Laura Antonelli, élevée au couvent, se voit donc expliquer "les choses de la vie" quelques minutes à peine avant la cérémonie par une vieille tante édentée, et les mariés font preuve d'une timidité et d'une maladresse trahissant leur totale inexpérience. Pourtant le secret qui va trahir leur parenté révèle, sous la vertu de ce milieu guindé, des mœurs dissolues qui amène ce drame de départ. Pour sauver les apparences, nos héros poursuivent une chaste coexistence tout en étant tiraillés par un terrible désir. Comencini joue astucieusement avec l'image sexy associée à Laura Antonelli, dont la frustration sexuelle accompagne celle du spectateur de l'époque habitué à la voir peu farouche dans d'autres productions. L'actrice délivre une performance comique géniale d'excès, où les refus de façade des diverses tentations ne sont que des appels du pied d'autant plus torrides. On en a une démonstration lors de la longue séduction parisienne avec le noble français joué par Jean Rochefort, et surtout plus tard par la première étreinte sur la paille avec le chauffeur. Une séquence d'une sensualité affolante où Laura Antonelli tout en témoignant mollement son refus laisse son amant (un tout jeune Michele Placido dans un de ses premiers rôles) lui arracher longuement les diverses couches de dentelles et de froufrous, affirmant le corps féminin comme un nid de tentation qu'il faut dissimuler. Ce qui est caché renforce finalement la teneur excitante, et Comencini après cette escalade masque l'acte en lui-même qui est éludé avec des ellipses lourdes de sens sur l'extérieur de la cabane où s'ébattent les amants.

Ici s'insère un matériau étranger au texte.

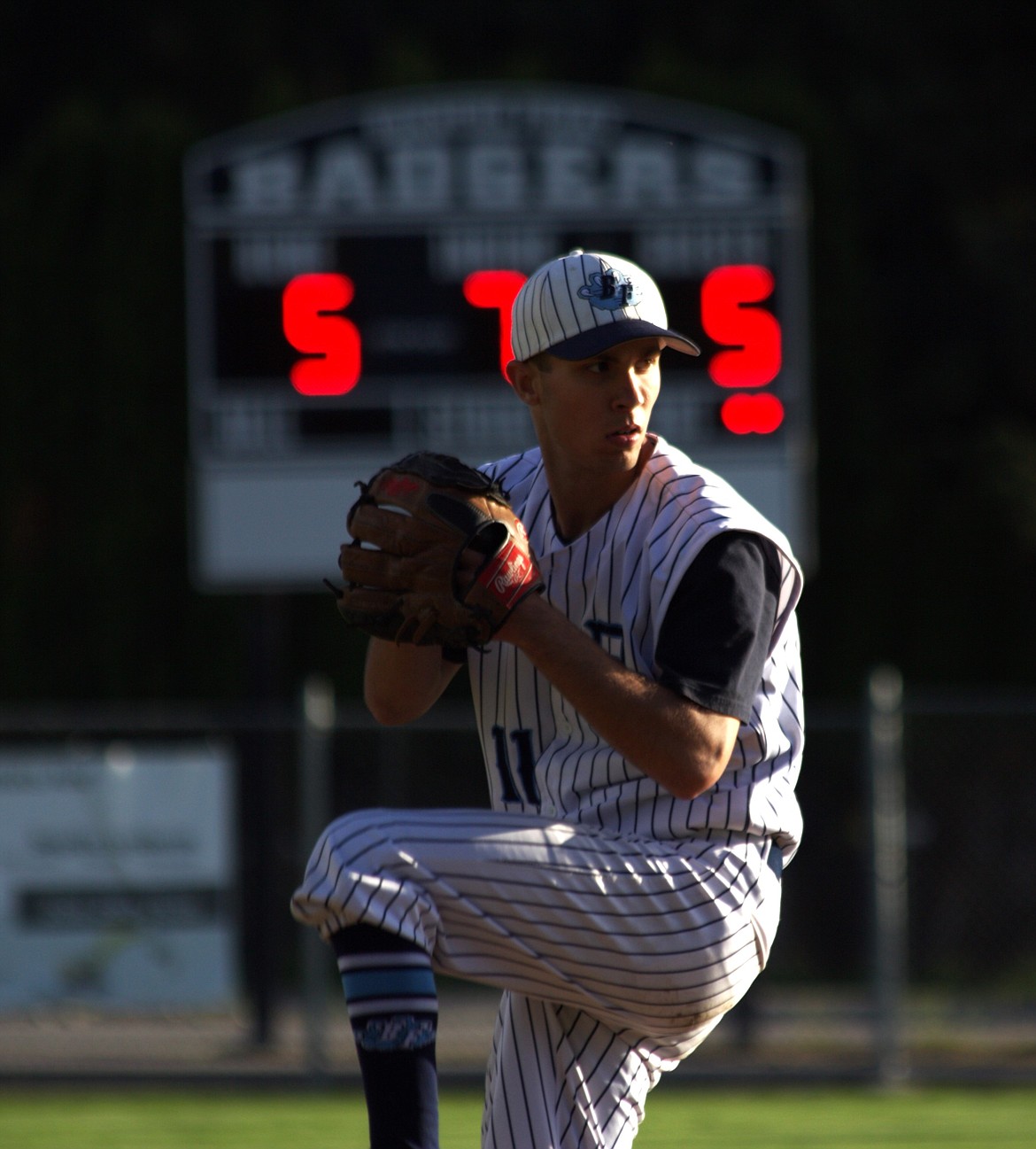 Roger Naylor pitches for the Badgers in the seventh inning tied 5 all for the 3A IML Districts Game One.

Laura Antonelli symbolise la dualité de cette société bourgeoise engoncée dans des principes respectables mais rongée par la quête de transgression. Ce n'est pas un hasard si Comencini choisit de situer l'action en Sicile où l'archaïsme et les mentalités rétrogrades sont exacerbés, tout en étant facilement acceptable par le spectateur italien grâce aux classiques de Pietro Germi comme Séduite et abandonnée ou Divorce à l'italienne qui ont contribué à cette image. L'intérêt est donc de voir comment les personnages vont chercher à éteindre ce désir. Pour Laura Antonelli, le refuge se fait via l'Eglise qui en prend pour son grade avec des prêtres forcément plus véhéments quant au respect des vœux de virginité des femmes, ces pécheresses. L'histoire dérive dans les solutions trouvées par l'époux qui amorce la dimension politique du récit. L'ombre de l'écrivain et poète D'Annunzio plane sur le film à travers le parcours de Raimondo. Les écrits de D'Annunzio étaient rattachés à une certaine sophistication verbale au service d'une verve sensuelle imagée et excessive pour les étreintes charnelles fantasmée qui véhiculait une vision du mâle italien mythologique et conquérante. On en a diverses démonstrations lorsque Raimondo endoctrine un groupe d'ouvriers par un discours incompréhensible (et repris d'un vrai texte de D'Annunzio) ou quand on le montre auréolé de gloire militaire après qu'il a participé aux campagnes de Libye en 1911. Les préceptes de D'Annunzio préfigurent tout simplement ceux de l'idéologie fasciste que Mussolini saura réinterpréter lors de son arrivée au pouvoir, même si D'Annunzio s'opposera à lui lorsqu'il s'alliera à l'Allemagne nazie. C'est un refuge où se plonge cette bourgeoisie étouffée par les conventions partout ailleurs, et de là à dire que Mussolini et les futurs fascistes sont ce qu'ils sont car frustrés il n'y a qu'un pas allégrement franchi par Comencini. Toutes ces thématiques se déroulent de manière limpide car illustrées par la pure verve comique de Comencini : les femmes se pâmant d'amour à la simple lecture d'un poème de D'Annunzio ou au bord de la syncope lors de ses furtives et très théâtrales apparitions, cette fameuse figure du mâle tout-puissant autant moquée qu’ironiquement vantée. Ces thématiques seront d’ailleurs traitées dans une veine plus ouvertement dramatique par Luchino Visconti dans L’Innocent (1976), ultime film et adaptation directe de D’Annunzio où l’on retrouvera Laura Antonelli.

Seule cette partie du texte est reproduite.